本書がミシェル・フーコーによる「統治性 governmentality」の議論の俎上にあることは、福祉国家がなにより近代の問題として、さらにいえば、近代における民主主義と資本主義の必然的な矛盾の結節点に立ち現れるものとして定義されているところからも明らかである。その意味で、ガーランドの関心は、あれこれの時代のどこそこの国におけるしかじかの福祉国家ではなく、福祉国家一般というメタ的な次元にある。こう言ってみてもいい。ガーランドが本書で試みるのは、福祉国家が歴史上で実際に採った形態を論じることである以上に、福祉国家という統治様態が取りえた/うる可能性の領域を分節することである、と。
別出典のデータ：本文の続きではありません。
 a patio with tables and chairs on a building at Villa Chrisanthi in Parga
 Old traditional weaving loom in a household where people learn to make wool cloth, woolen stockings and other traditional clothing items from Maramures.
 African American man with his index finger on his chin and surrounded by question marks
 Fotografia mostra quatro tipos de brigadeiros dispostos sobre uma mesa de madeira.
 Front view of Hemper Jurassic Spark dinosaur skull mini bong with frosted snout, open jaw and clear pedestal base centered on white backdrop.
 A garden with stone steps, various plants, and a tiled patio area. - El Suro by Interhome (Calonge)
ガーランドの『福祉国家』の特殊性は、もしかすると、福祉国家の擁護のために、生存権や人権を持ち出さないところかもしれない。ガーランドは一貫して福祉国家擁護論を唱えるが、にもかかわらず、左翼的ヒューマニズムという対抗原理を打ち出そうとはしない。彼はあくまで、ネオリベラリズム的な個人の自由と自己責任論をいなすようにして、それらの非現実性を指摘することで、福祉国家の必要不可欠性を引き出そうとする。『君主論』のマキャヴェリのような、狡い賢さ。
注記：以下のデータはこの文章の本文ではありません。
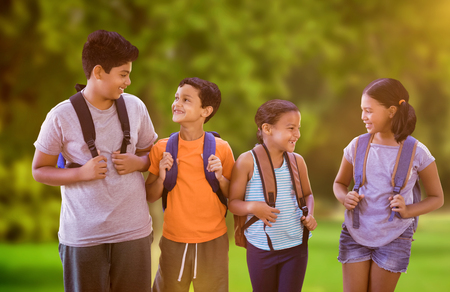 Happy students against white background against trees and meadowの写真素材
最終章が「なくてはならない福祉国家 The indispensable welfare state」と名づけられているのはあまりにも示唆的だ。福祉国家は、積極的に「あるべきもの」である以上に、「欠かせないもの」なのである。ガーランドは、背理法的なやり方で消極的に、しかしながら、消極的だからこそいっそう積極的であるようなやり方で、理想主義的にではなく、プラクティカルに、プラグマティックに、福祉国家を言祝ぐ。
雑多に多様な現実を暴力的なかたちで理想のほうに吊り上げるのでもなければ、ありえない理想を諦念的なかたちで現実に引き下ろすのでもなく、いまここにある現実をありのままに受け入れた上でなお、いまだここにない理想への地に足の着いた飛翔に憧れること。そのような(不)可能性への不断の挑戦にこそ、近代における福祉国家の存在理由が賭けられていることを、本書は痛いほどにわたしたちに教えてくれる。